Last updated on Jun 7, 2026

Learn about color management and composite printing in Acrobat Pro.

When you print a color PDF, Acrobat Pro processes the color data for the selected printer. Understanding how color management, composite printing, and color separation work helps you achieve accurate proofing and reliable print results.

Core printing concepts

Color management

Color management controls how colors are converted during printing to ensure consistency. It manages how RGB and CMYK colors appear across devices. In Advanced Print Setup, you can preview output using a printer profile or send color data as RGB using different profiles.

Note

Using a different printer profile allows you to preview how colors will appear on a specific printer before printing.

Composite printing

Composite printing prints all colors in a PDF together on a single plate. This is the default method for most desktop printers, and the available options in the Output panel of the Advanced Print Setup dialog box depend on the selected printer.

Color separation

Color separation separates artwork into individual color plates for professional printing. Artwork with more than one color must be printed on separate master plates, one for each color. When creating color separations, you can print a color or grayscale composite proof.

Key considerations when printing composites

Print behaviors for composites depend on the output device's capabilities and selected print options.
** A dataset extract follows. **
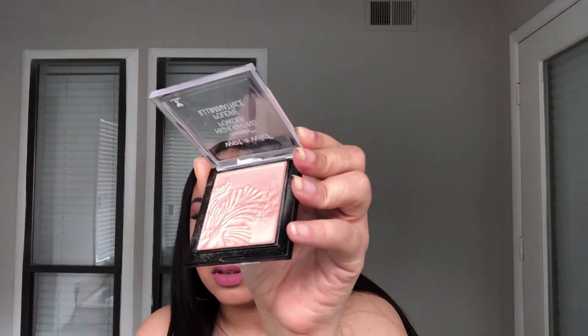The highlighter I'm loving so much right now is the Wet n Wild MegaGlow highlighting powder — I have it on now. I'm not sure of the exact shade name, but it is super pretty. If you're looking for a really good highlighter and don't want to spend too many coins, I would go with the Wet n Wild MegaGlow.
  • Most desktop printers don't support overprinting. You can simulate it by selecting Simulate Overprinting in the Output panel of the Advanced Print Setup dialog box. This setting converts spot colors to process colors, so don’t use it for final output files.
  • Black-and-white output on a monochrome printer produces a grayscale composite using visually accurate gray equivalents, not equal color percentages. Selecting Print Color As Black in the main Print dialog box forces all nonwhite colors to print as solid black.

Color printers vary in output quality, so service‑provider proofs are the most reliable way to verify final printed results.